A defesa declarou, ainda, que, juntamente com seu cliente, lamentava profundamente a perda irreparável da adolescente e que seguia confiando na Justiça, "certos de que a análise completa e técnica das provas apresentadas em juízo demonstrará que não houve intenção, direta ou eventual, de causar tal desfecho".
"O delegado agiu para proteger a sociedade diante de uma situação de grave ameaça, protagonizada por um homem que desrespeitou ordens legais de policiais militares e afirmou estar armado, colocando em risco a vida de terceiros e dos próprios agentes públicos. A defesa permanece confiante de que o Poder Judiciário, ao apreciar todos os elementos do processo, reconhecerá a inocência do delegado Dr. Vinícius e promoverá a sua absolvição", afirmou a nota.
DEFESA
O JCNET acionou a defesa do delegado e aguarda resposta. O espaço permanece aberto para manifestações. Ao portal G1, o advogado Ernesto Nóbile afirmou que a decisão pela demissão foi "uma grande injustiça, já que o delegado estava em cumprimento do dever e que o ocorrido foi uma fatalidade." O advogado disse ainda que eles vão estudar uma medida para tentar reverter a decisão do governo do Estado.
NOTA DA FAMÍLIA
Confira na íntegra a nota da família, encaminhada ao JCNET pela advofada Paolla Ruiz.
"Esta demissão é a conclusão de uma luta que a família da Katrina travou desde 5 de agosto. Atuei integralmente no processo administrativo disciplinar, fiz diversas diligencias na SSP, DHPP, Ouvidoria da Policia Civil, ALESP onde fui buscar apoio de deputados, Direitos Humanos, até confrontar o antigo Secretario de Segurança Publica, Sr. Guilherme Derrite, numa coletiva de imprensa na COP Internacional. Fui a única advogada da família nessa esfera administrativa, e trabalhei para que o Estado reconhecesse a gravidade daquilo que um de seus agentes havia feito.
Preciso dizer que fico imensamente feliz e profundamente gratificada com esse resultado. Atuei neste caso de forma inteiramente pro bono, não havia honorários que justificassem o tempo, a pressão e os enfrentamentos que vieram. O que havia era uma família destruída, uma menina morta e um Estado que precisava ser responsabilizado. Isso foi suficiente para mim. E o enfrentamento neste caso não foi apenas profissional. No curso da minha atuação, fui processada criminalmente pela esposa do então delegado, por suposta difamação, em razão de uma publicação que fiz. O processo foi arquivado, porque não houve difamação alguma. Mas o recado estava dado: quem pressionasse pelo afastamento daquele agente seria alvo. Mesmo assim, continuei. A família de Katrina continuou. E hoje temos a demissão.

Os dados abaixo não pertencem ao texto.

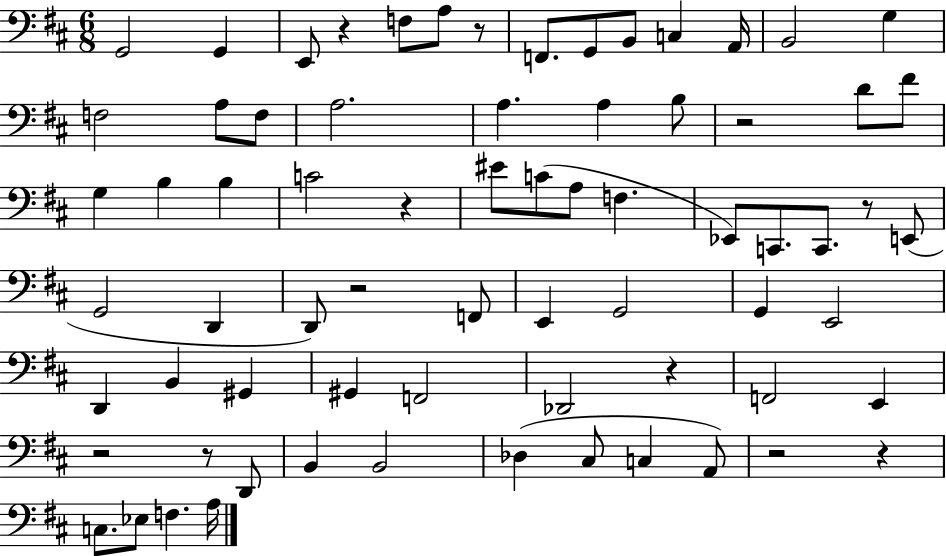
{
  \clef bass
  \numericTimeSignature
  \time 6/8
  \key d \major
  g,2 g,4 | e,8 r4 f8 a8 r8 | f,8. g,8 b,8 c4 a,16 | b,2 g4 | \break f2 a8 f8 | a2. | a4. a4 b8 | r2 d'8 fis'8 | \break g4 b4 b4 | c'2 r4 | eis'8 c'8( a8 f4. | ees,8) c,8. c,8. r8 e,8( | \break g,2 d,4 | d,8) r2 f,8 | e,4 g,2 | g,4 e,2 | \break d,4 b,4 gis,4 | gis,4 f,2 | des,2 r4 | f,2 e,4 | \break r2 r8 d,8 | b,4 b,2 | des4( cis8 c4 a,8) | r2 r4 | \break c8. ees8 f4. a16 | \bar "|."
}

A decisão do Governador Tarcísio de Freitas enquadra a conduta de Vinícius Martinez como de natureza grave, com ofensa física contra particular, e como ato equiparável a crime hediondo no âmbito administrativo. É o reconhecimento mais contundente que o Estado poderia emitir contra um de seus próprios servidores. Esse resultado foi construído com trabalho técnico, pressão legítima sobre os órgãos públicos e absoluta fidelidade à memória de Katrina.
No processo criminal, além de acompanhar o curso processual, atuei para requerer a prisão do réu por descumprimento de medidas cautelares. E após essa atuação e por decisão unilateral da Sabrina, mãe da Katrina, deixei de integrar a assistência de acusação do processo criminal. Não farei mais afirmações sobre o andamento do processo criminal, apenas que o Tribunal de Justiça decidirá sobre o recurso da defesa do réu. O que posso afirmar é que o inteiro teor do processo administrativo disciplinar, incluindo o parecer da Corregedoria e a decisão do Governador, provavelmente será apresentado para juntada ao processo criminal. O próprio Estado reconheceu, por suas instâncias disciplinares, que aquela conduta foi grave. O Júri Popular, soberano, terá todos esses elementos diante de si. Que o processo criminal seja o capítulo final dessa responsabilização e que nenhuma outra família precise passar pelo que a família da Katrina passou", diz o texto.